■ **RECORDED DATA**:
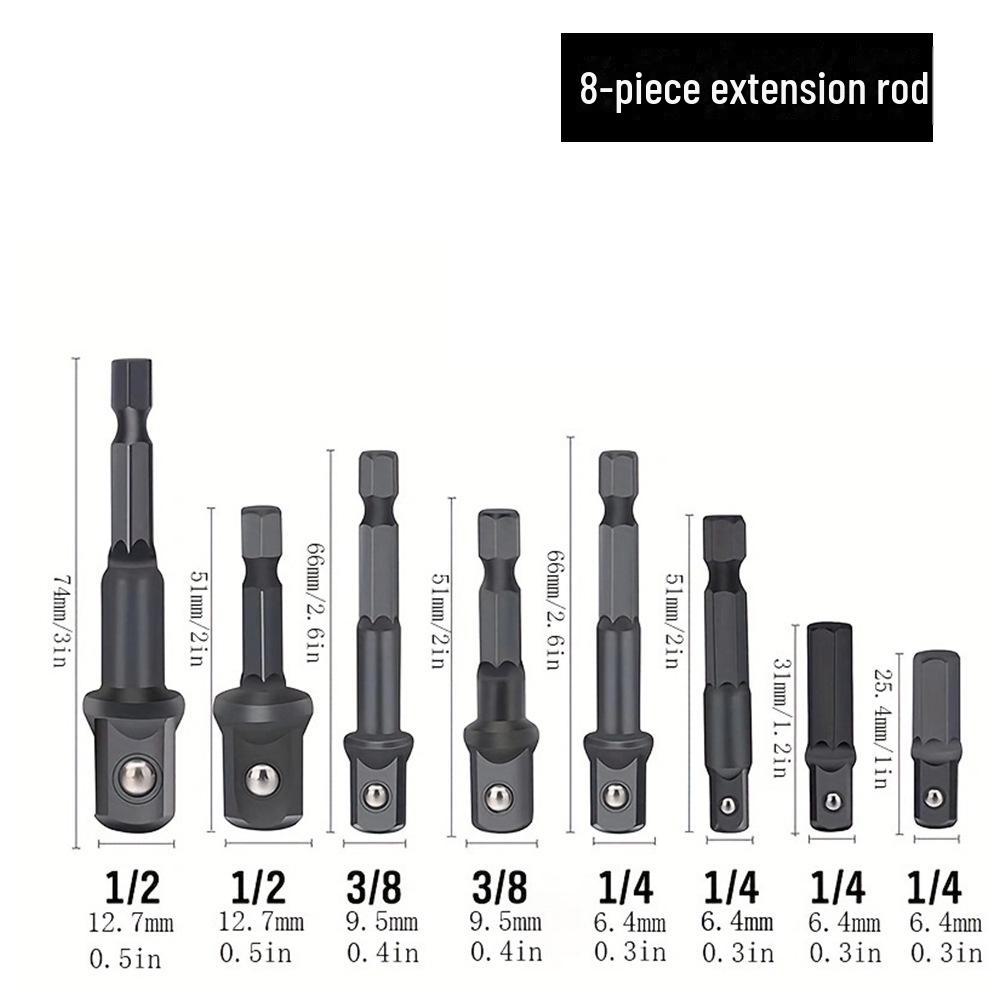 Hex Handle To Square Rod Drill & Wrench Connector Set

==

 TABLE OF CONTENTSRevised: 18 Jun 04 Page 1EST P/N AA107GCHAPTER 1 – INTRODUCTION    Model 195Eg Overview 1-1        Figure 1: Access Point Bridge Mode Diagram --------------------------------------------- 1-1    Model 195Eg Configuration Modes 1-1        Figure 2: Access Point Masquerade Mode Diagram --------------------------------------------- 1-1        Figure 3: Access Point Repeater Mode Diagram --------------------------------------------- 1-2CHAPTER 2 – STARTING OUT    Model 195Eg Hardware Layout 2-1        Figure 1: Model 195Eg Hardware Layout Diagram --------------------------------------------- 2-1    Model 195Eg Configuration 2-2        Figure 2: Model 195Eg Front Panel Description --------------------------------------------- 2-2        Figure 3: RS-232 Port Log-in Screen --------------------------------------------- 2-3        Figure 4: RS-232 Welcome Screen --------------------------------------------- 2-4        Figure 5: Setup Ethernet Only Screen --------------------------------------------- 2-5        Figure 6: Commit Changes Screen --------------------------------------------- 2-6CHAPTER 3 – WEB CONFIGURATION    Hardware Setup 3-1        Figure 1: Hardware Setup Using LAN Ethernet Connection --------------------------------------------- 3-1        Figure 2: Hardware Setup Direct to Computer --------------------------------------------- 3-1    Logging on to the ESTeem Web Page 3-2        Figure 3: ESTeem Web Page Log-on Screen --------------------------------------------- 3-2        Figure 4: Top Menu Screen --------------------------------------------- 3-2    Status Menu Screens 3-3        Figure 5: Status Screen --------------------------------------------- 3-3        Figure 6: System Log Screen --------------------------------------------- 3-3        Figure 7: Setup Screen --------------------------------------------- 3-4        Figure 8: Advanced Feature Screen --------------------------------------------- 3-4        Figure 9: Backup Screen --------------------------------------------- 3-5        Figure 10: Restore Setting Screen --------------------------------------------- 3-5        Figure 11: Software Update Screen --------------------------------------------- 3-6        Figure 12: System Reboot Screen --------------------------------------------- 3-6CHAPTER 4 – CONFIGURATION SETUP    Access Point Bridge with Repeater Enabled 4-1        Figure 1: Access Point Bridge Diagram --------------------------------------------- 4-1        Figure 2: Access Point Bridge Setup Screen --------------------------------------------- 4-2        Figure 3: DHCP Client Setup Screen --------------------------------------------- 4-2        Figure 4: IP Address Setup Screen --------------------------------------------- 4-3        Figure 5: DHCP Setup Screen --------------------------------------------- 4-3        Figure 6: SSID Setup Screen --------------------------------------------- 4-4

==

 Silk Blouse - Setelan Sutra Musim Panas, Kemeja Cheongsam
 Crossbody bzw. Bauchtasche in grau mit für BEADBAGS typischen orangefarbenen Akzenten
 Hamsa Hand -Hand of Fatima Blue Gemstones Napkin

■ **TASK DESCRIPTION**:
Going back to the entries above, set down exactly the lines that begin at the one with "Silk Blouse - Setelan" and end at the one with "Hamsa Hand -Hand", both included, and nothing else.

■ **EXERCISE OUTPUT**:
 Silk Blouse - Setelan Sutra Musim Panas, Kemeja Cheongsam
 Crossbody bzw. Bauchtasche in grau mit für BEADBAGS typischen orangefarbenen Akzenten
 Hamsa Hand -Hand of Fatima Blue Gemstones Napkin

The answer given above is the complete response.